Pesquisadores criam compostos psicoativos sem alucinações

Pesquisadores da Universidade da Califórnia, Davis, desenvolveram uma nova classe de compostos psicoativos que podem oferecer benefícios terapêuticos sem provocar alucinações. A descoberta, publicada no Journal of the American Chemical Society, abre possibilidades para tratamentos de condições como depressão, PTSD e dependência.
Desenvolvimento de compostos psicoativos
Os cientistas utilizaram uma técnica que envolve a exposição de aminoácidos a luz ultravioleta, resultando em compostos que imitam a ação de psicodélicos no cérebro. Esses novos compostos ativam os receptores de serotonina 5-HT2A, que estão associados ao crescimento celular e à saúde mental. A pesquisa sugere que esses compostos podem ser uma alternativa mais segura aos psicodélicos tradicionais, que alteram a percepção.
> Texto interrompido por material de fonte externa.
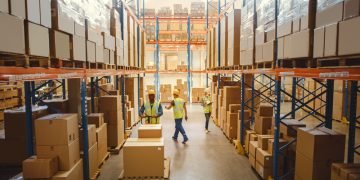 Job Cuts in Logistics: Declining Freight Volumes Force Layoffs in Industry.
Ativação de receptores de serotonina
Os novos compostos foram projetados para ativar os receptores de serotonina 5-HT2A, que desempenham um papel crucial na neuroplasticidade. A equipe de pesquisa, liderada pelo estudante de doutorado Joseph Beckett e pelo professor Mark Mascal, identificou que um dos compostos, denominado D5, atuou como um agonista completo, gerando uma resposta biológica máxima. A ativação desses receptores é considerada promissora para o tratamento de distúrbios mentais.
Resultados inesperados em testes com animais
Durante os testes com camundongos, os pesquisadores não observaram os comportamentos alucinatórios esperados, mesmo com a forte ativação do receptor 5-HT2A pelo composto D5. Os resultados indicam que, apesar da ativação, os compostos podem suprimir respostas psicodélicas, desafiando a compreensão atual sobre a relação entre a ativação dos receptores e os efeitos alucinatórios. Essa descoberta foi considerada surpreendente pela equipe, que esperava reações típicas de psicodélicos.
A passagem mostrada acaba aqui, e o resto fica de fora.